Lifesaving Poems: Wisława Szymborska’s ‘Psalm’

2013-09-24 17.30.54

 

Psalm

 

How leaky are the borders of man-made states!
How many clouds float over them scot-free,
how much desert sand sifts from  country to country,
how many mountain pebbles roll onto foreign turf
in provocative leaps!

Need I cite each and every bird as it flies,
or alights, as now, on the lowered gate?
Even if it be a sparrow—its tail is abroad,
thought its beak is still home. As if that weren’t enough—it keeps fidgeting!

Out of countless insects I will single out the ant,
who, between the guard’s left and right boots,
feels unobliged to answer questions of origin and destination.

If only this whole mess could be seen at once in detail
on ever continent!
Isn’t that a privet on the opposite bank
smuggling its hundred-thousandth leaf across the river?
Who else but the squid, brazenly long-armed,
would violate the sacred territorial waters.?
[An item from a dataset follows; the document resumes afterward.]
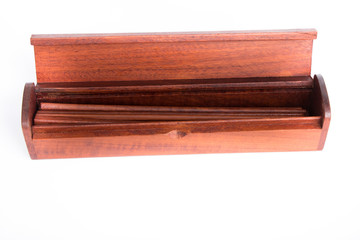 Chopsticks in the wooden box on white background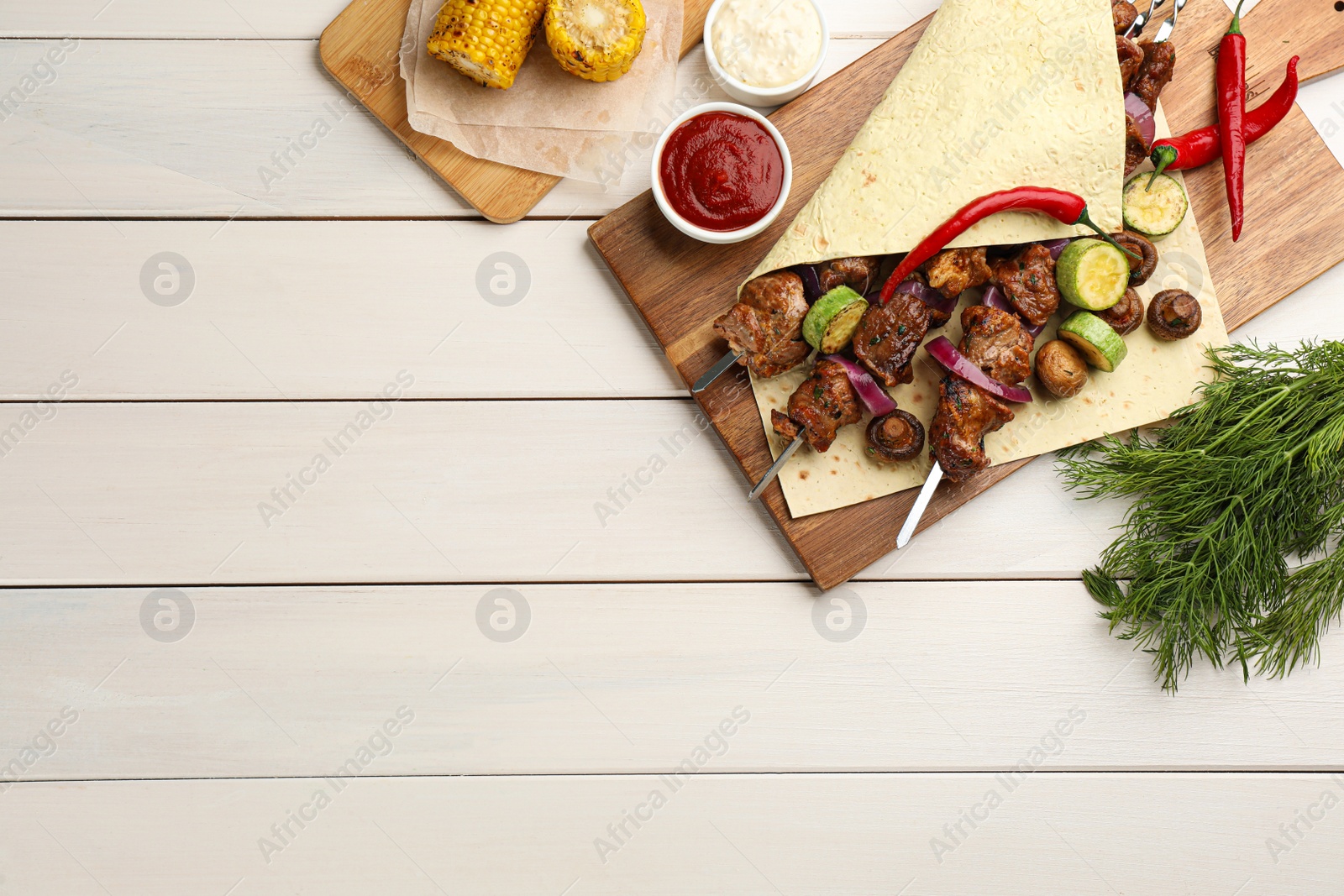Photo of Metal skewers with delicious meat and vegetables served on white wooden table, flat lay. Space for text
How can we speak of any semblance of order
when we can’t rearrange the stars
to know which one  shines for whom?

Not to mention the reprehensible spreading of fog!
Or the dusting of the steppe over its entire range
as though it weren’t split in two!
Or voices carried over accommodating air waves:
summoning squeals and suggestive gurgles!

Only what’s human can be truly alien.
The rest is mixed forest, undermining moles, and wind.

 

Wisława Szymborska, from Miracle Fair: Selected Poems of Wisława Szymborska  (trs. Joanna Trzeciak), Norton, 2001

My edition of Miracle Fair contains a marvellous introduction of Wisława Szymborska’s work by her compatriot Czeslaw Milosz. Clear-sighted as the poetry he writes in praise of, he makes a number of startling observations which, had they been written by and about English poets, might have sparked a falling-out. (Who knows, maybe they did?) For example, he speaks of her poetry bringing ‘joy because she is so sharp, because she derives pleasure out of juggling the props of our common heritage’, but only a sentence or two later goes on to state:’ To be frank, hers is a very grim poetry.’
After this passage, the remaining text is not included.